Mais cet amour extrême est aussi un acte de lucidité : « Jésus, sachant que son heure était venue… ». L’amour vrai ne se déploie pas dans l’illusion. Il connaît les heures, les trahisons, les reniements, les abandons. Il sait que celui-là va le livrer, que celui-ci va jurer n’avoir jamais connu. Et pourtant, il aime. Il aime en sachant. Voilà ce qui défie notre logique : l’amour humain, souvent, a besoin d’être rassuré, protégé, mérité. L’amour de Dieu, lui, embrasse ce qui est indigne, ce qui doute, ce qui fuit.
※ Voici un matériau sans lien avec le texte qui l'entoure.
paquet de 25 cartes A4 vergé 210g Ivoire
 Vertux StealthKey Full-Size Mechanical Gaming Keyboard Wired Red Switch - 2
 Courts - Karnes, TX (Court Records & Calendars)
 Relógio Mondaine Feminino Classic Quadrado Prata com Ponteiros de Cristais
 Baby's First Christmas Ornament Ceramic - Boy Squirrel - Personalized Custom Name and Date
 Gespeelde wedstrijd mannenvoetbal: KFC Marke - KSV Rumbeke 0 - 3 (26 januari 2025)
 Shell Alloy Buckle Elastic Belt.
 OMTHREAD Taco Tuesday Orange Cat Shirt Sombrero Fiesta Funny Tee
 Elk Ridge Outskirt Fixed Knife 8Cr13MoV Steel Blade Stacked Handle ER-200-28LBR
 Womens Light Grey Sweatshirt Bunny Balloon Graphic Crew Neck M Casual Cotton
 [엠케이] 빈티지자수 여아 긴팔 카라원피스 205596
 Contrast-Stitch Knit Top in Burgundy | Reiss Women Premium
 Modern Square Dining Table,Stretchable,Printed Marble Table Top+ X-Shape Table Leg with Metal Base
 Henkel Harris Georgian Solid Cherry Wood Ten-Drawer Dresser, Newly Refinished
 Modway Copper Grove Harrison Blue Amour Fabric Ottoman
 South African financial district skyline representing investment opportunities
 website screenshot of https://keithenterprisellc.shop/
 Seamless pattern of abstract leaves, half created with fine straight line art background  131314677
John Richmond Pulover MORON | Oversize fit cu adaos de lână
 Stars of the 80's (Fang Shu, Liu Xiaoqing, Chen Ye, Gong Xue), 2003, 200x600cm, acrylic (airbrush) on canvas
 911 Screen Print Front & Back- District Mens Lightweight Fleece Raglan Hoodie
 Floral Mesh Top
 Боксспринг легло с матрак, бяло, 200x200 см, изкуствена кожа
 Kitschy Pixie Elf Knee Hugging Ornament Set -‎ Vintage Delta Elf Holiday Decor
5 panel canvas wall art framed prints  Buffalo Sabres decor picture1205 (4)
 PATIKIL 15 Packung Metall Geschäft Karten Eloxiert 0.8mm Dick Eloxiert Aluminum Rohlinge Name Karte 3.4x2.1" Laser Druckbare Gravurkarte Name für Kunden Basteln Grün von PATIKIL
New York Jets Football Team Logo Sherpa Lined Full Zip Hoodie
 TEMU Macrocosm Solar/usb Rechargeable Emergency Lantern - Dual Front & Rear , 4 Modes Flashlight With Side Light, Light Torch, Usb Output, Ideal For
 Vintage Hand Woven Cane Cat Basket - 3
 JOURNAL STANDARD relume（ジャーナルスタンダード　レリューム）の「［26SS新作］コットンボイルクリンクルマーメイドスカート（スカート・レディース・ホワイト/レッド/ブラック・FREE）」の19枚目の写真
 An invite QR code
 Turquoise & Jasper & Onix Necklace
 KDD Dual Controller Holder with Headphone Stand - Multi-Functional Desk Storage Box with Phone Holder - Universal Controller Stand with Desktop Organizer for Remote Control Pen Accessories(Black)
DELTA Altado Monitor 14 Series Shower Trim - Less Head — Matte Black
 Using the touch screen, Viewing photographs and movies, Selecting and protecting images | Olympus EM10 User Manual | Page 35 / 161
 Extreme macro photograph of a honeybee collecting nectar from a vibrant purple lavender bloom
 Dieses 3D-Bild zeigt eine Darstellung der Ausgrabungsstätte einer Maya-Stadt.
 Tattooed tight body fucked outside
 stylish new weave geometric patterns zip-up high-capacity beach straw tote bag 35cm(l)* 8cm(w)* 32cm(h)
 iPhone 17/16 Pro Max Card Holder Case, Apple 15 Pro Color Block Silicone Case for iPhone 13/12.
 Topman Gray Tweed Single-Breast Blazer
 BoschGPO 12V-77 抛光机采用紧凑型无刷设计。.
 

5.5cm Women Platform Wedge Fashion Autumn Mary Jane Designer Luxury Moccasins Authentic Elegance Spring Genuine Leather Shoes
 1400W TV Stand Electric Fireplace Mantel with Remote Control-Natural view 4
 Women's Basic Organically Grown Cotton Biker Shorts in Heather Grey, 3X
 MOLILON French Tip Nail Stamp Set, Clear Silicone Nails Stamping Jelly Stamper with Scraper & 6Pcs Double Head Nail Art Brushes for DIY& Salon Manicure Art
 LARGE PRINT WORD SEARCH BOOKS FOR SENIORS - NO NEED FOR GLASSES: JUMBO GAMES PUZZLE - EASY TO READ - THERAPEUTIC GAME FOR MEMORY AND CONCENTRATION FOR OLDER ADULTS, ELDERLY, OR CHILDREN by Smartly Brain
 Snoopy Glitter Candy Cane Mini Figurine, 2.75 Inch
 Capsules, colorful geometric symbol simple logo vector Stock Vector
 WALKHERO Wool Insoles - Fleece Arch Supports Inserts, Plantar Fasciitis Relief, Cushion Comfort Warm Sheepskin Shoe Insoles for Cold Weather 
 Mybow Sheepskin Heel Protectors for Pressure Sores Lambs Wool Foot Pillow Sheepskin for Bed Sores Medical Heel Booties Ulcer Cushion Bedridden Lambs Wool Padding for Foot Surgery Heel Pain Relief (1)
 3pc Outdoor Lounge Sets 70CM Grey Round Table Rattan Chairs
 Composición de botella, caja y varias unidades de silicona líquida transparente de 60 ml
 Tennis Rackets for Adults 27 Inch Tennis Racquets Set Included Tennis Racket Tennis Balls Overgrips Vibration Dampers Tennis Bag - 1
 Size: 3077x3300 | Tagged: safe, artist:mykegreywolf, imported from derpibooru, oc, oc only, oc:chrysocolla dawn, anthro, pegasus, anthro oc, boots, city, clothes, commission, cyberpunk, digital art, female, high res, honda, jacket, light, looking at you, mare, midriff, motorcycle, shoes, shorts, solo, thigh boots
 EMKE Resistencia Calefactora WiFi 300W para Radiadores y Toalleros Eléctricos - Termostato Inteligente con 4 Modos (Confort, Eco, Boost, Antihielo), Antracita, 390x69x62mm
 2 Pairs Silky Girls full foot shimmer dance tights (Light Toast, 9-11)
Il embrasse avant.
Et c’est là le premier scandale du lavement des pieds : Dieu à genoux devant l’homme. Le maître qui devient esclave, le pur qui touche l’impur, le Seigneur qui prend le linge du serviteur. Ce geste est tellement insupportable à Pierre qu’il le refuse d’abord. Ce refus nous habite tous. Car nous préférons souvent un Dieu fort, un Dieu lointain, un Dieu qui commande — car cela nous laisse à distance, cela nous évite d’être touchés au plus profond.
Mais ce soir-là, notre Seigneur Jésus ne demande pas l’admiration. Il demande qu’on se laisse aimer, qu’on se laisse laver. C’est peut-être cela le plus difficile dans notre chemin de foi : accueillir un amour qui vient nous rejoindre là où nous sommes le moins présentables.
Le lavement des pieds, c’est Dieu qui vient laver ce que nous cachons. C’est l’humilité de Celui qui sait que la poussière du monde colle aux pieds de ceux qui marchent, et qu’il ne sert à rien de la nier. Il ne nous reproche pas nos salissures ; il les prend dans ses mains. Il ne nous fait pas honte ; il nous rend capables d’être accueillis.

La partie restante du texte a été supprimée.